_Material supplied_:
+ + + + +

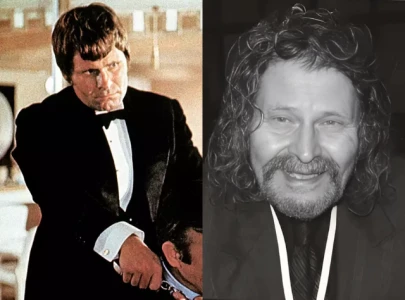 james bond star bruce glover known for mr wint in diamonds are forever dies aged 92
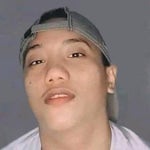 ayayayay im a litol batorplay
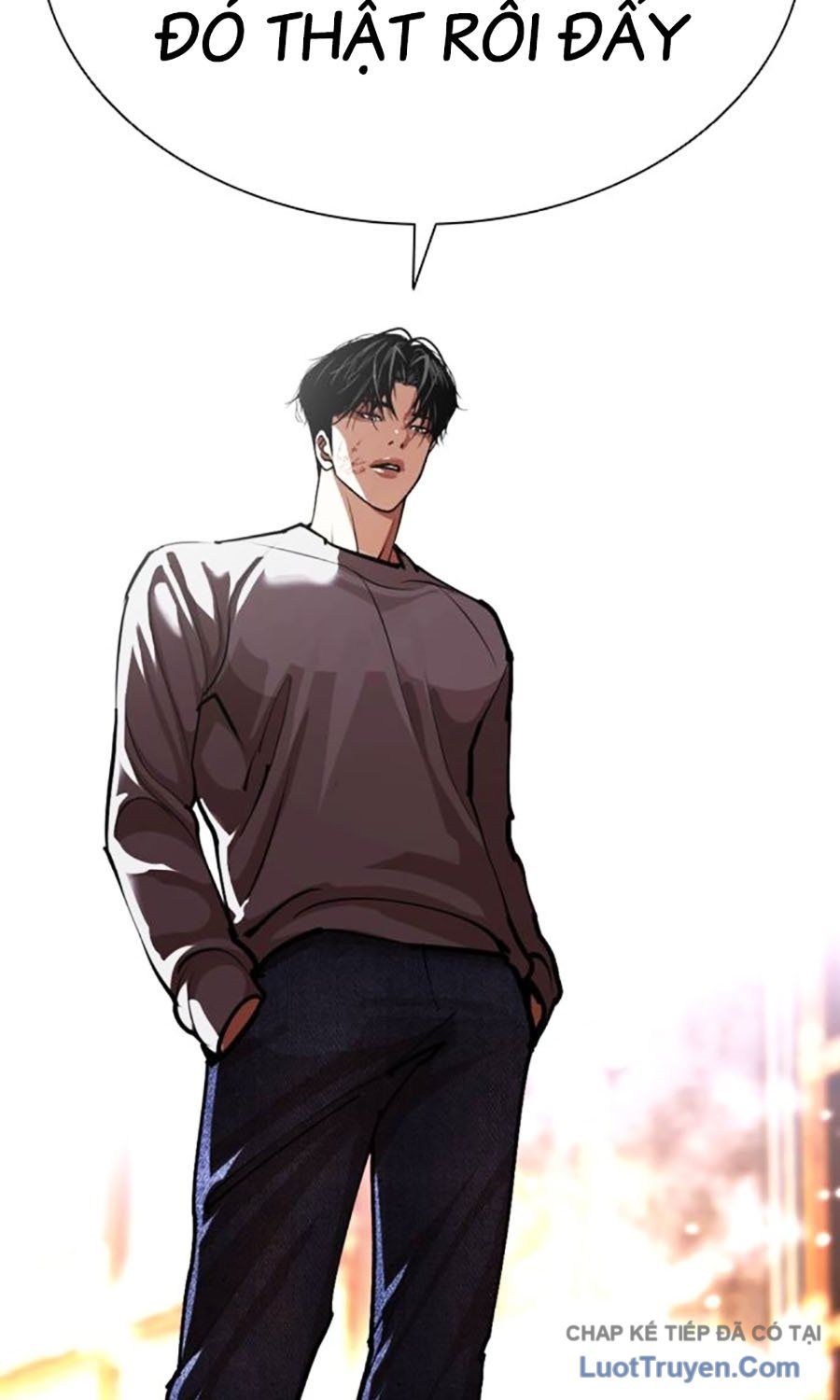 Chapter 584 - Trang 121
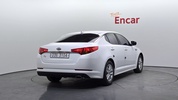 Фото 1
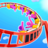 icon Idle Roller Coaster 2.9.5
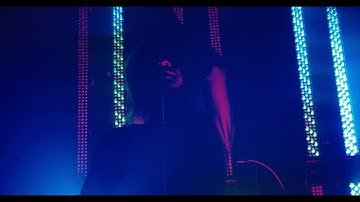 WEALTH - AMBER ALERT MISFIRE (OFFICIAL VIDEO)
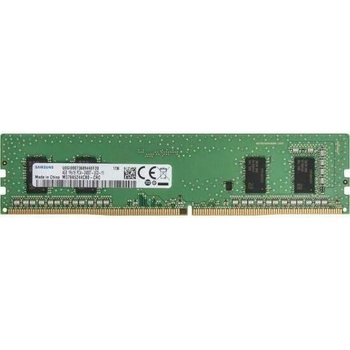 Image 1 of Samsung 32GB DDR4 3200MHz M378A4G43AB2-CWE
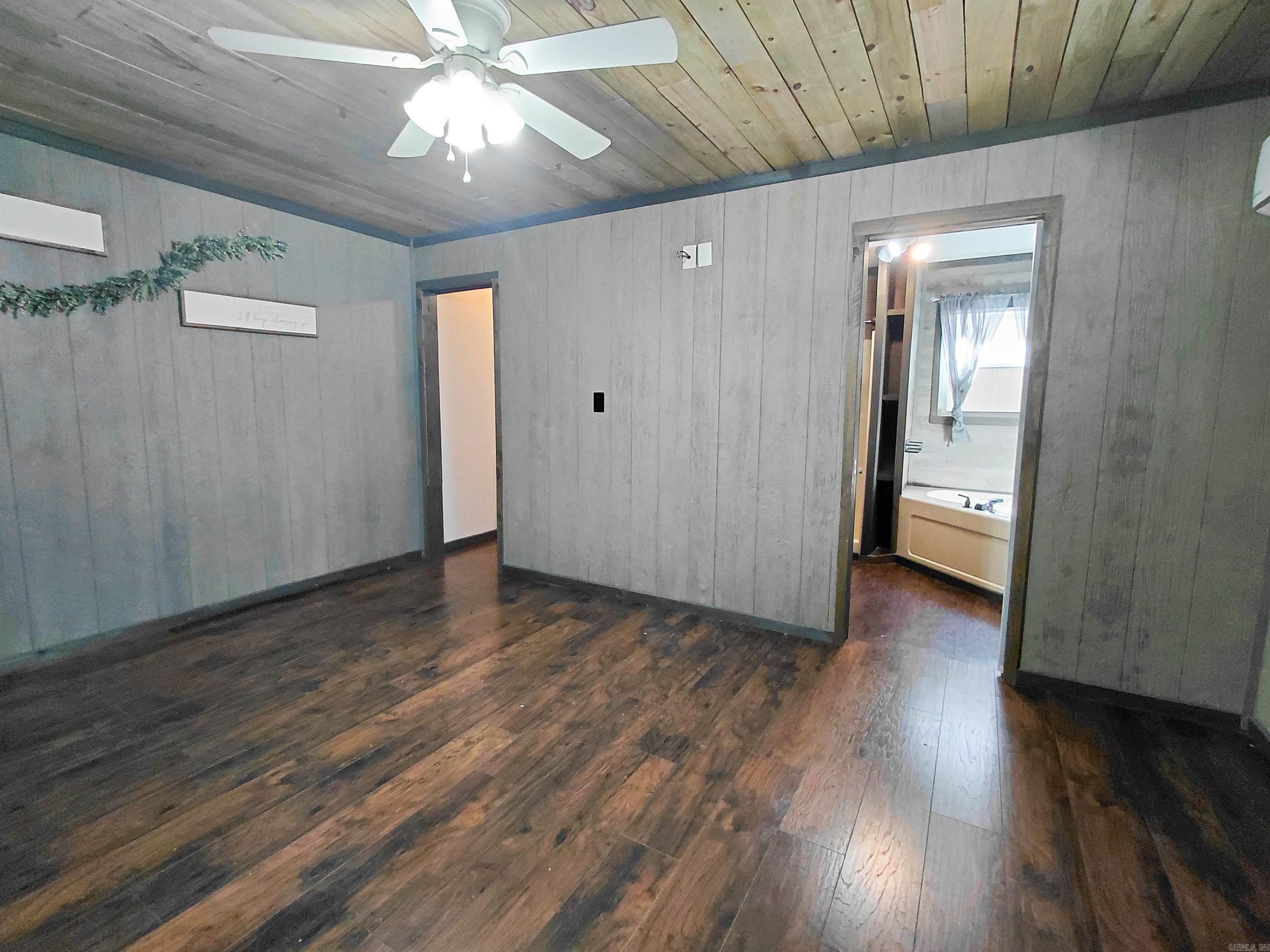 Lakevievv - Residential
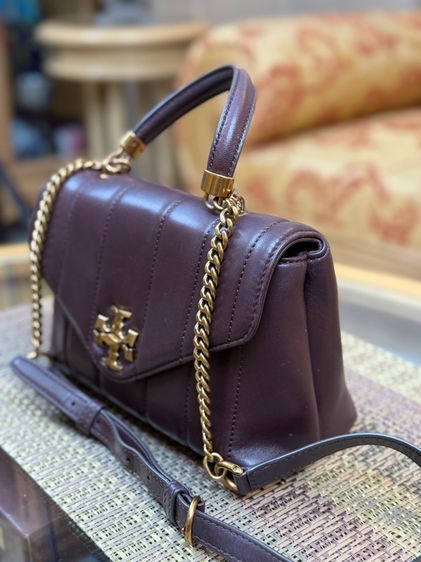 Tory Burch  รูปที่ 12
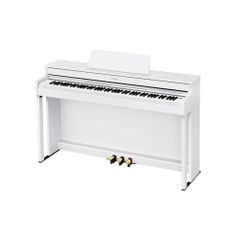CASIO AP-300WE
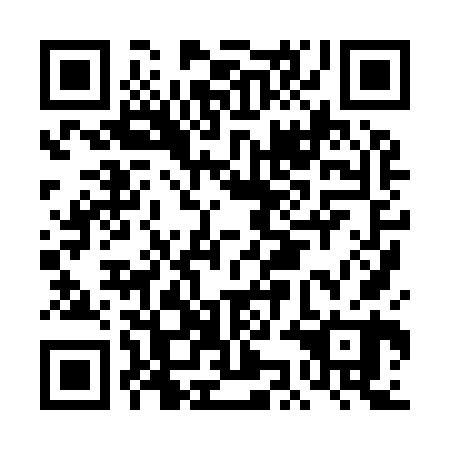 QR code for DKH960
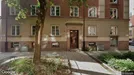 Lägenhet att hyra, Östermalm, Lützengatan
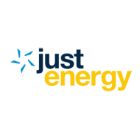 Just Energy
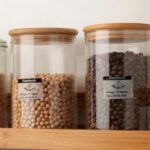 41e0orbklol. ac us800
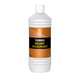 Bleko thinner 1 liter fles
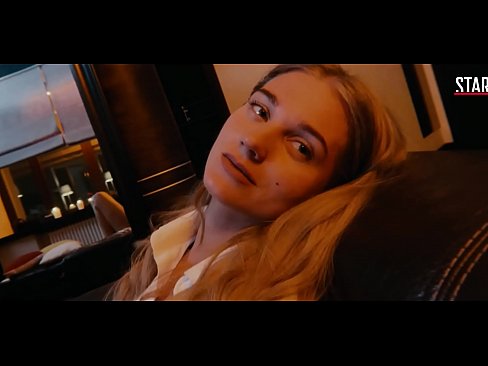 ❤️ XENA TA’ SESS MA’ KRISTINA ASMUS (FULL HD 1080) ❌ Vidjow porn lilna mt.assistdoctor23.ru ﹏
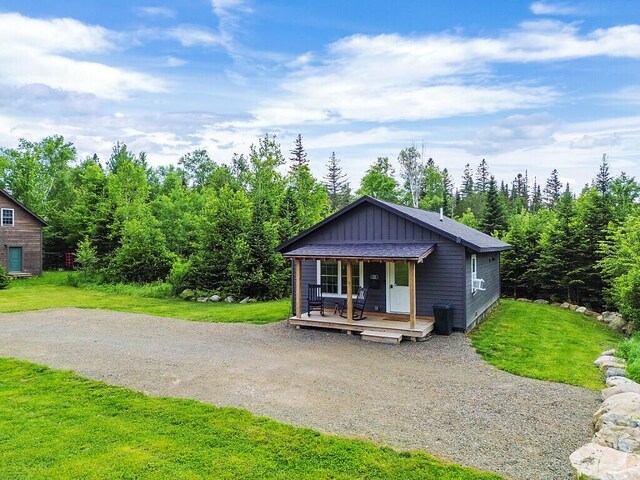 22 Big Snow Way, Rangeley, ME 04970 - photo 26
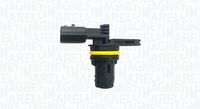 Senzor bregaste MAGNETI MARELLI 064847203010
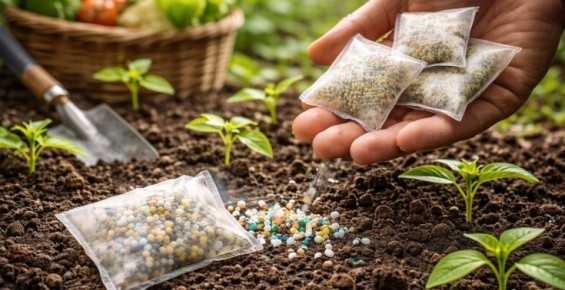 ����������� ���� ���Controlled �������� ��������� ������ ������������� ������ �� ��������������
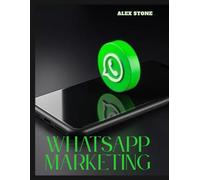 WHATSAPP MARKETING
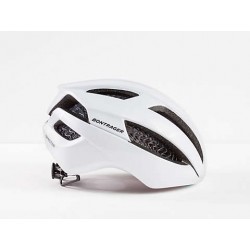 casco bontrager specter wavecel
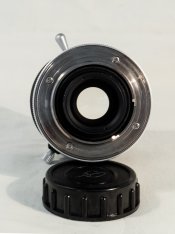 20150421-6.jpg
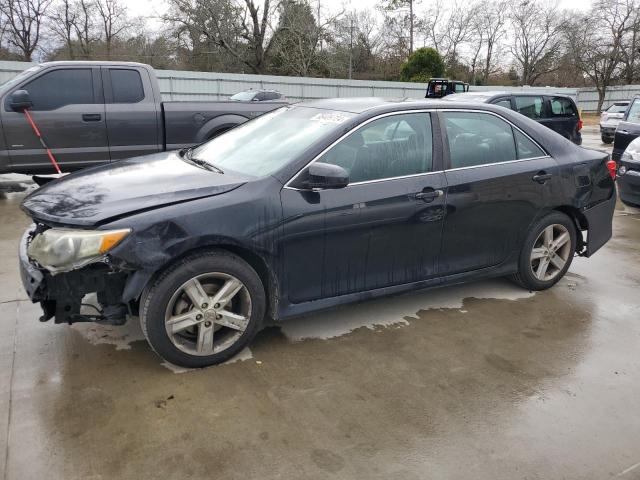 TOYOTA CAMRY 2012 4t1bf1fk9cu161638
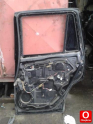 Oto Çıkma Parça / Mazda / E-2200 / Airbag / Airbag Kapağı / Çıkma Parça 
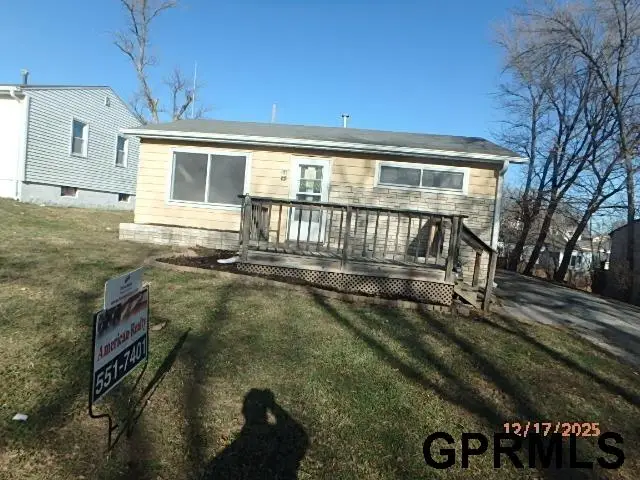 1616 Valley Street, Plattsmouth, NE 68048 - Image #1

+ + + + +

_Required work_:
Say again, word for word, the lines beginning at the top of the data and ending with the line that has "Just Energy". Skip the pictures.

_Output of the task_:
 james bond star bruce glover known for mr wint in diamonds are forever dies aged 92
 ayayayay im a litol batorplay
 Chapter 584 - Trang 121
 Фото 1
 icon Idle Roller Coaster 2.9.5
 WEALTH - AMBER ALERT MISFIRE (OFFICIAL VIDEO)
 Image 1 of Samsung 32GB DDR4 3200MHz M378A4G43AB2-CWE
 Lakevievv - Residential
 Tory Burch  รูปที่ 12
CASIO AP-300WE
 QR code for DKH960
 Lägenhet att hyra, Östermalm, Lützengatan
 Just Energy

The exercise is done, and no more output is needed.